→ **Record excerpts**
##########
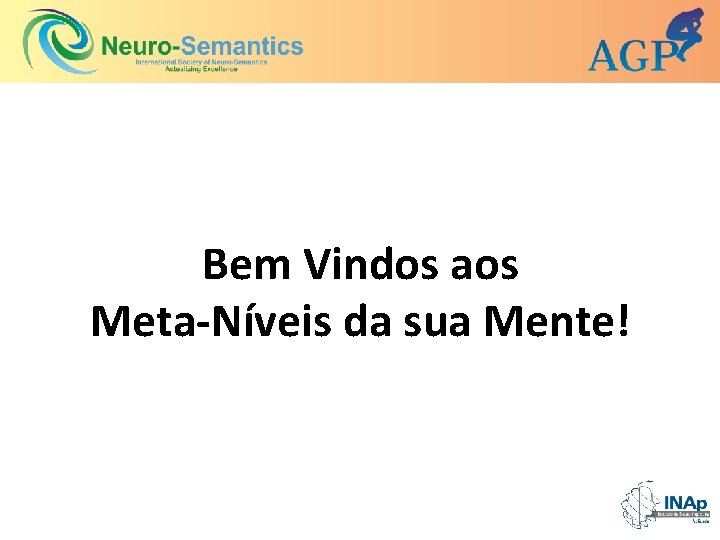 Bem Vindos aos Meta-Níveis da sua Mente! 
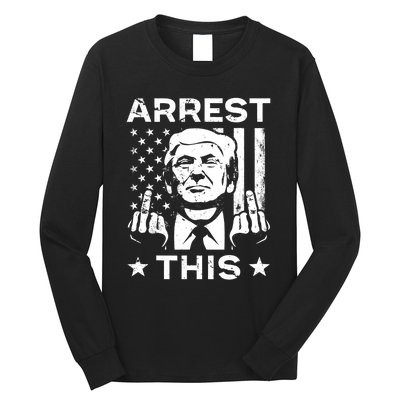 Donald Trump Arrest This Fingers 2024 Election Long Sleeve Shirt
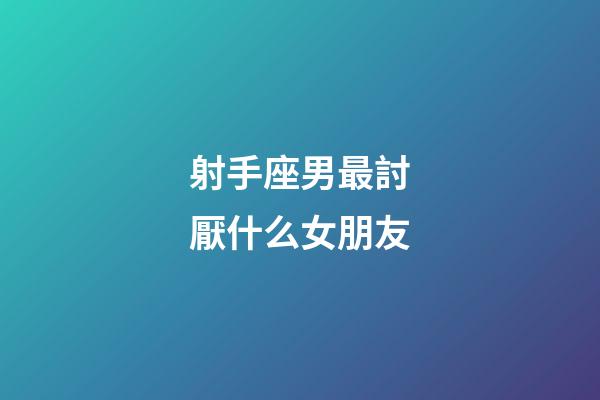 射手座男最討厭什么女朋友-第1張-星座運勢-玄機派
##########
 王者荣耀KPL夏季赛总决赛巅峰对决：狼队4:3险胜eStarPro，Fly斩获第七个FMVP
##########
→ **How to complete this task**
Starting with the line that contains "Bem Vindos aos Meta-Níveis da sua Mente!" and finishing with the line that contains "射手座男最討厭什么女朋友-第1張-星座運勢-玄機派", reproduce every line of the material above exactly, but not the pictures.

→ **Solution for this exercise**
 Bem Vindos aos Meta-Níveis da sua Mente! 
 Donald Trump Arrest This Fingers 2024 Election Long Sleeve Shirt
 射手座男最討厭什么女朋友-第1張-星座運勢-玄機派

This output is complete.